Output of corresponding executable

abacadabaabacada-baabacadabaabaca
abacadabaabacada-baabacadabaabaca
EQUAL
abacadabaabacada-baabacadabaabaca-dabaabacadabaaba-cadabaabacadabaa
abacadabaabacada-baabacadabaabaca-dabaabacadabaaba-cadabaabacadabaa
EQUAL

But what guarantees that the pairs of outputs will always be EQUAL, provided that the Standard is respected? I think the following helps (N2176 Types 6.2.5-28):

All pointers to structure types shall have the same representation and alignment requirements as each other.

Edit: After considering the answers and comments, I think the following is a better MRE:

// FILE: memcpy_struct-1.c

#include <stdio.h>
#include <stdlib.h>
#include <string.h>

typedef struct {
    size_t length ;
} array_header ;

typedef struct
{
    size_t capacity ;
    size_t length ;
} buffer_header ;

const size_t hsize_max =
    sizeof ( array_header ) < sizeof ( buffer_header )
    ? sizeof ( buffer_header ) : sizeof ( array_header ) ;

const size_t block = 512u ;

const size_t pageSize = block * ( 1 +
    ( hsize_max / block + ! ! hsize_max % block ) ) ;

int main ( void )
{
    void * memory = malloc ( pageSize ) ;
    array_header a0 = { 42u } ;
    buffer_header b0 = { 42u , 0u } ;
    array_header a1 ;
    buffer_header b1 ;
    memcpy ( memory ,     & a0 , sizeof a0 ) ;
    memcpy (   & a1 ,   memory , sizeof a1 ) ;
    memcpy ( memory ,     & b0 , sizeof b0 ) ;
    memcpy (   & b1 ,   memory , sizeof b1 ) ;
    fputs ( "array_header-s are " , stdout ) ;
    puts ( a0.length == a1.length ? "EQUAL" : "UNEQUAL" ) ;
    fputs ( "buffer_header-s are " , stdout ) ;
    puts ( b0.capacity == b1.capacity && b0.length == b1.length
        ? "EQUAL" : "UNEQUAL" ) ;
    free ( memory ) ;
}

Solution

  • Since you are asking about portability and the provisions of the standard, the very first thing that came to mind was that structure types without any members, such as this ...

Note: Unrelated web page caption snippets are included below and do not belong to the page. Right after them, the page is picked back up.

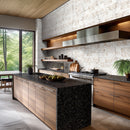 MSI XL Rockmount Royal White Splitface Ledger Panel Quartzite Wall Tile 9"x24" MSI XL Rockmount Royal White Splitface Ledger Panel Quartzite Wall Tile 9"x24"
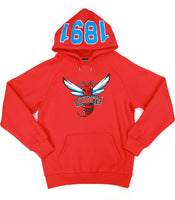 Big Boy Delaware State Hornets S10 Mens Hoodie [Red]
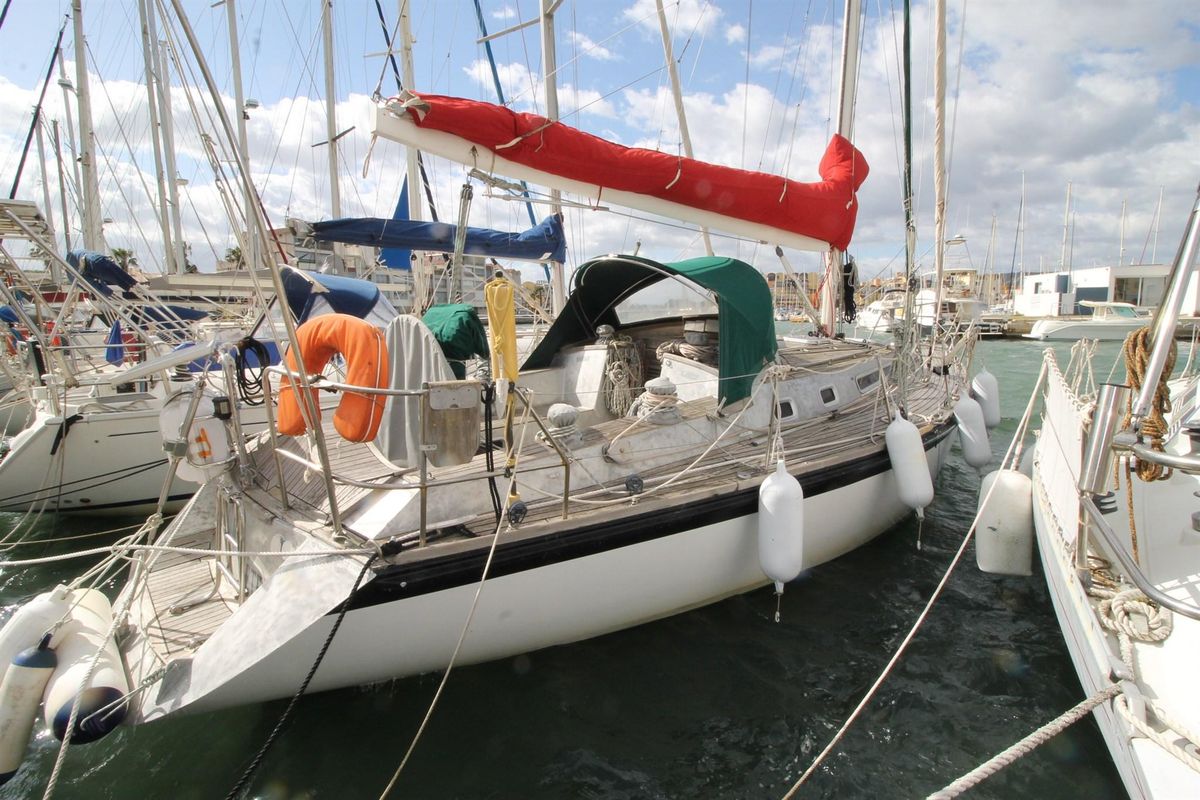 1991 Van De Stadt Caribbean 40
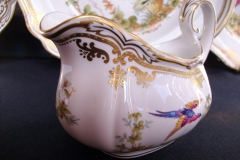 SPODE CHELSEA BIRD Y8555-  CREAMER  .....   https://www.jaapiesfinechinastore.com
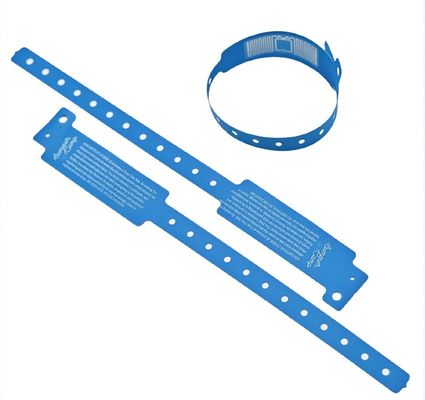 Pieghe di carta di stampa termica RFID di dimensioni personalizzate per il riconoscimento di chip medici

    typedef struct { } structure ;
    

    ... are a non-portable extension. Your objective there seems to be to use structure * as a generic pointer-to-structure type, but you don't need that when you have void * available as a generic pointer-to-anything type. And with void *, you even get the pointer conversions automatically, without the explicit casts. Note also that you eventually get the conversions to void * anyway when you call memcpy().

    I want to use the same area of memory to store and retrieve arbitrary objects—of possibly different structure type—at different times (like storage on a pre-allocated heap).

    Ok. That's not a particularly big ask.

    I want to know:

    • how this can be done portably (in the sense that the behavior defined by the Standard) and

    Your example is fine. Alternatively, if you know in advance all the different structure types that you may want to store, then you can use a union.

    • what parts of the Standard allow me to reasonably assume that it can be done portably.

    With your dynamic allocation / memcpy() example, there is

    • C17 7.22.3.4/2: "The malloc function allocates space for an object whose size is specified by size"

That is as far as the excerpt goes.